Forty-six years ago, Thommadura Publis Silva, an 18-year-old coal-fetcher tasked with feeding the oven at Mount Lavinia Hotel in Colombo, took an initiative which would, in time, have a major impact on the cuisine of Sri Lanka.
T. Publis, the celebrated Executive Chef of Sri Lanka's illustrious Mount Lavinia Hotel, flies down to Dubai for an exclusive whistle-stop cookout with Friday to provide a gustatory preview of the dishes he will be presenting at the forthcoming Splendours of Sri Lanka festival at the Sofitel City Centre.
Forty-six years ago, Thommadura Publis Silva, an 18-year-old coal-fetcher tasked with feeding the oven at Mount Lavinia Hotel in Colombo, took an initiative which would, in time, have a major impact on the cuisine of Sri Lanka.

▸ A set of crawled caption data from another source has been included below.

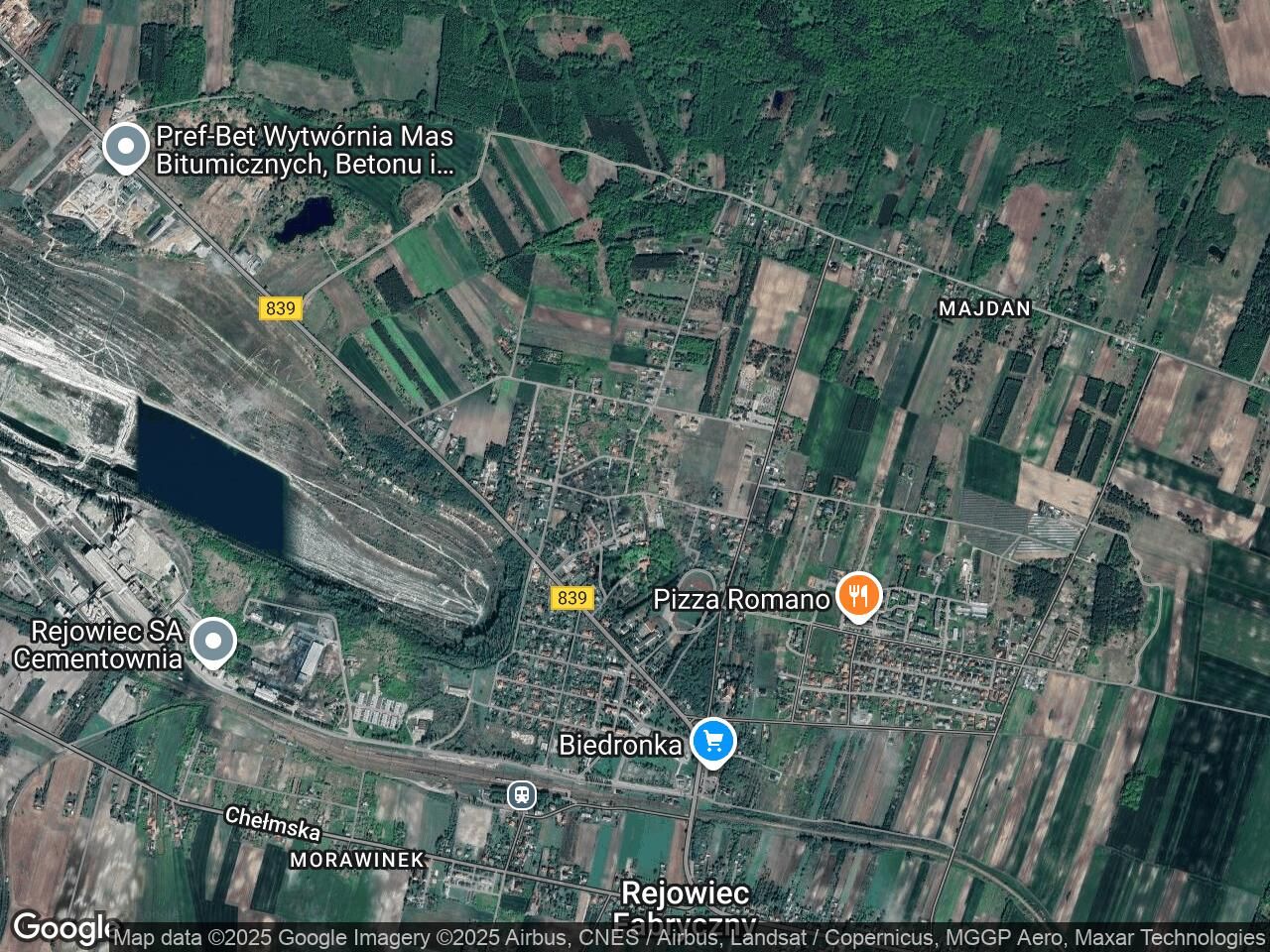 Działka budowlana Rejowiec Fabryczny, ul. Fryderyka Chopina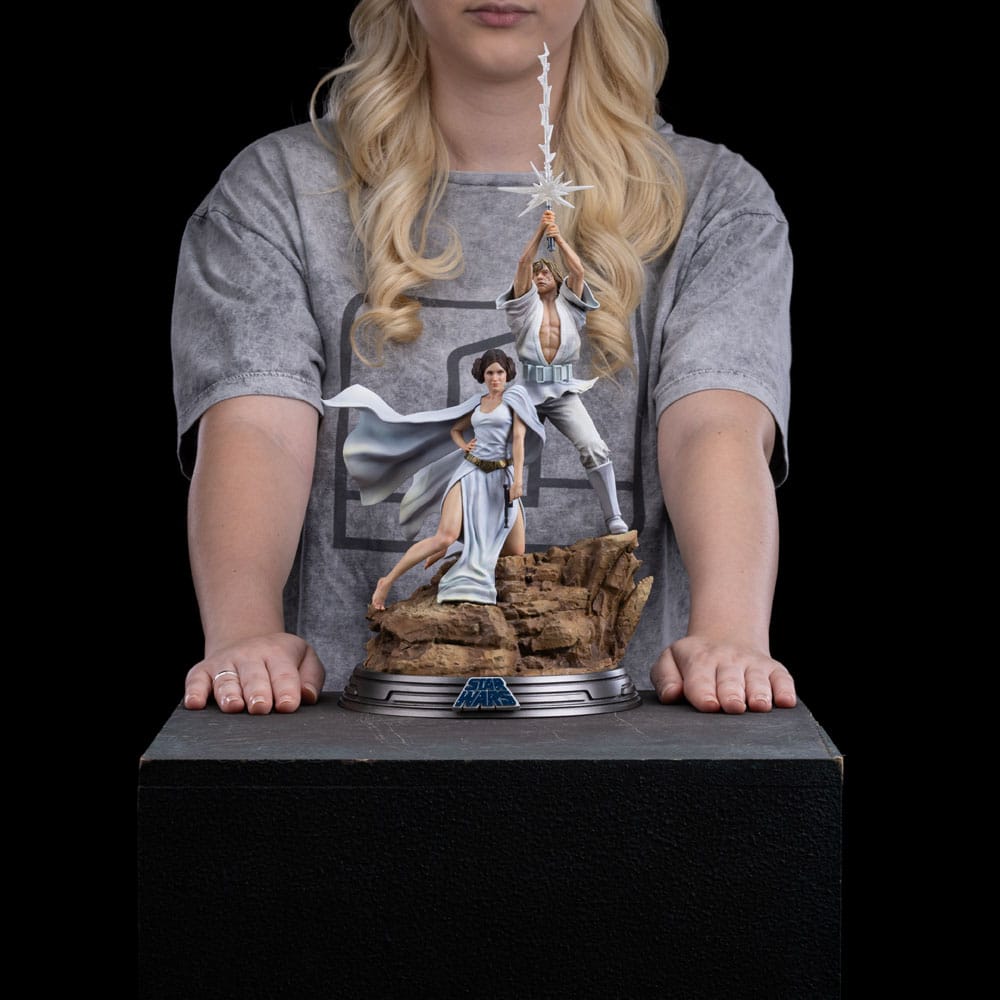 Star Wars Deluxe Art Scale Statue Luke and Leia Iron Studios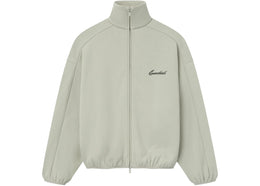 Fear of God Essentials Modern Piping Track Jacket Abbey Stone/ Abbey Stone - authentic Fear of God apparel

The nature of his job provided him idle moments which he decided would be better spent in the small kitchen of the hotel... he watched the Sri Lankan, Swiss and German chefs creating various dishes and lent a helpful hand whenever required.
It was an eye-opening experience. "Most cooks those days, at least the ones I knew, were not aware of the proportions of various curry powders," says chef Publis "Our staff cook didn't know that you have different masalas for different dishes." So, whether it was meat, fish or vegetables, the flavours would be almost the same.
Opportunity had been knocking unceasingly, but no one was responding. What if he tried? He conducted several experiments, undertook trips around the country, spoke to housewives and retired cooks, and succeeded in getting the insights he sought.
Soon, the self-taught 'chef' was making several kinds of porridge laced with an assortment of curry powders to treat various ailments, the first of the many milestones in the life of a master chef for whom no accolade could do justice; a man with an amazing zest for life, for whom, even now, at 64, retirement is far beyond the horizon.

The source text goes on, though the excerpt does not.